Start of Records provided

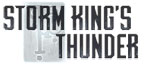 D&D Miniatures Storm Kings Thunder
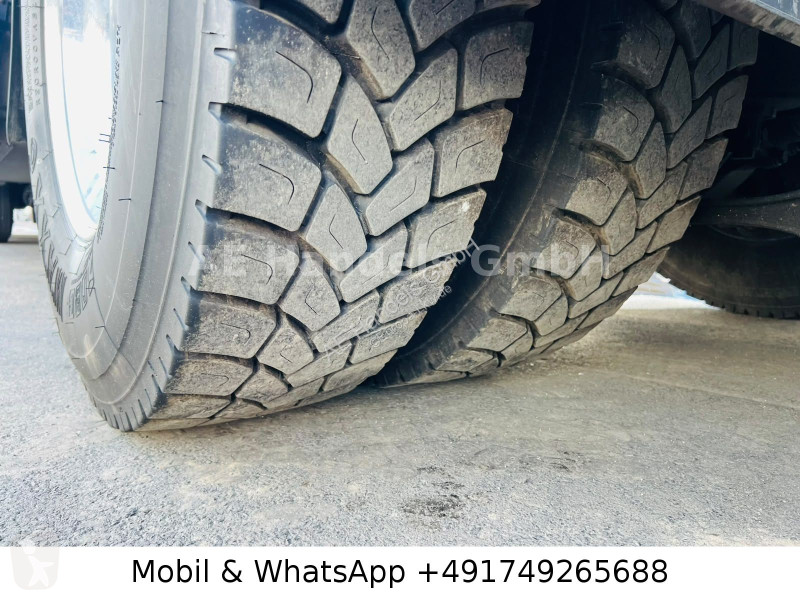 Tractor MAN 20.510 L BL HydroDrive...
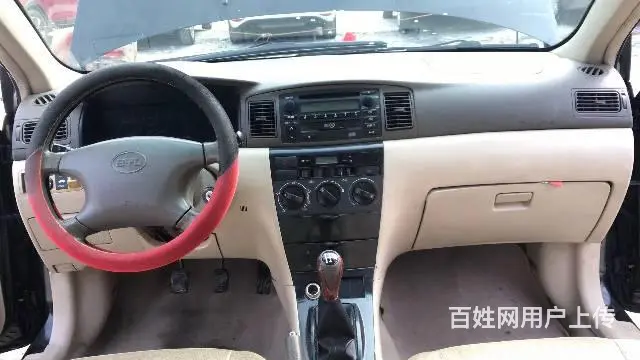 比亚迪F3 2009款 F3R 1.5 手动 金钻 - 图片 5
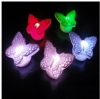 Photo for Colors Changing Romantic Butterfly LED Night Lights Lamp For Party Bedroom Decor Wedding
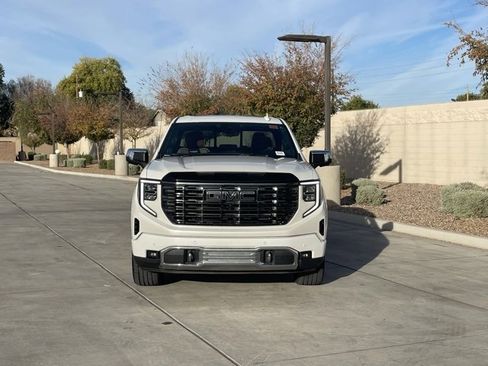Used 2022 GMC Sierra 1500 Denali Ultimate image 5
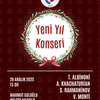 Trabzon Üniversitesi Devlet Konservatuvarı Yeni Yıl Konseri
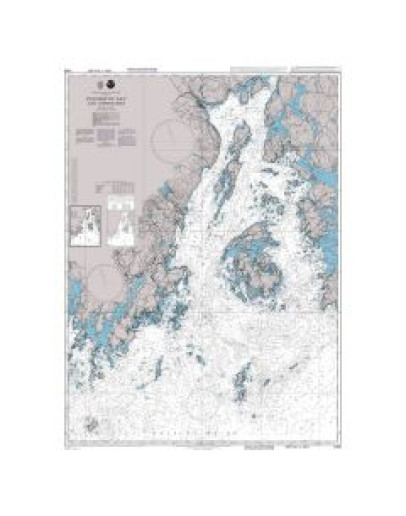 2486 - Penobscot Bay and Approaches				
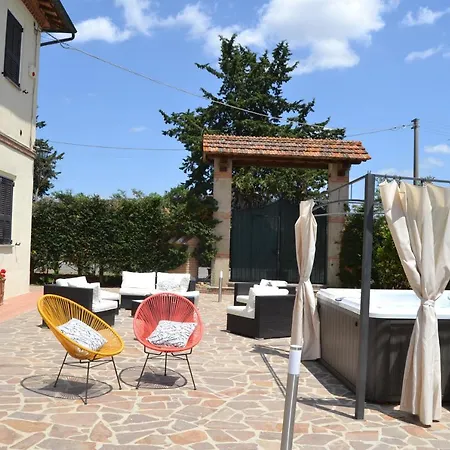 Valdorcia Belvedere Inn *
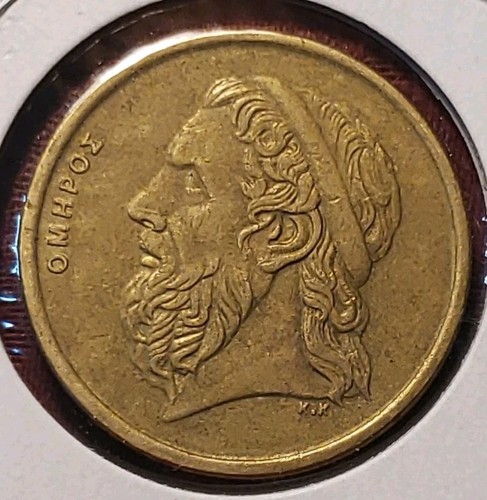 1988 greece drachmai - greece, –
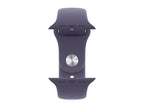 Smartwatch Apple Watch S11 gps 46mm silver Aluminium Case Purple Mist Sport Band M - L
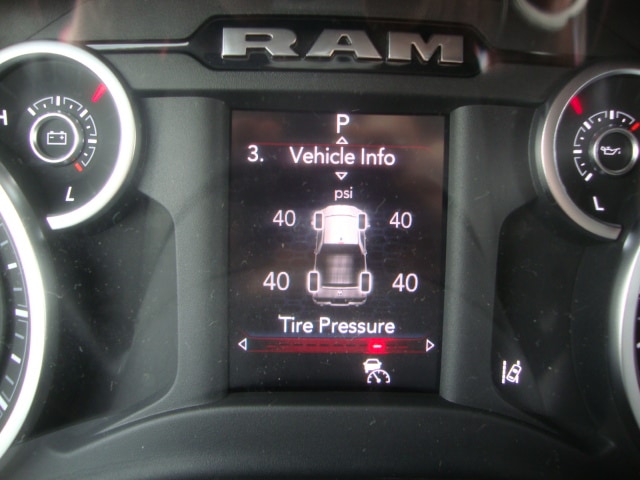2025 RAM 1500 Tradesman - Photo 30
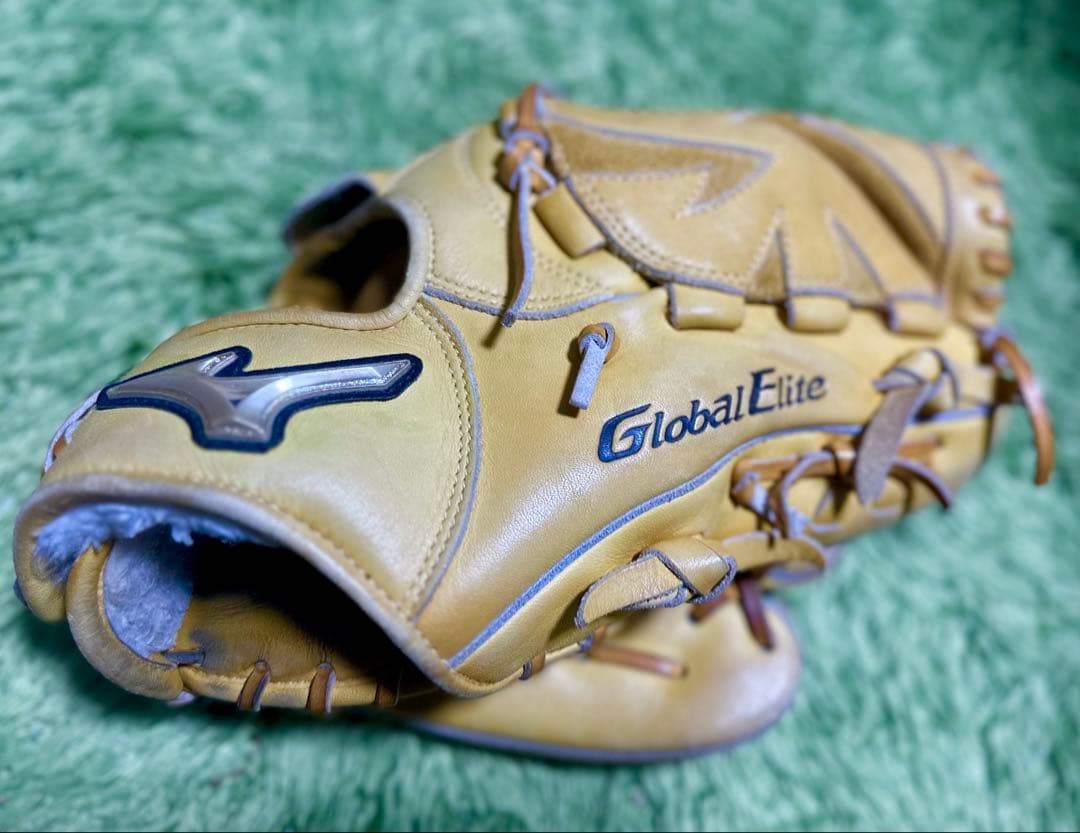 Global Elite 軟式投手用グラブ Amazon | ミズノ MIZUNO グローバルエリート GlobalElite Hselection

End of Records provided

Your instructions — Set down nothing but the lines from the one containing "Smartwatch Apple Watch" to the final line above, both included, with every picture left out.

Reply —
 Smartwatch Apple Watch S11 gps 46mm silver Aluminium Case Purple Mist Sport Band M - L
2025 RAM 1500 Tradesman - Photo 30
 Global Elite 軟式投手用グラブ Amazon | ミズノ MIZUNO グローバルエリート GlobalElite Hselection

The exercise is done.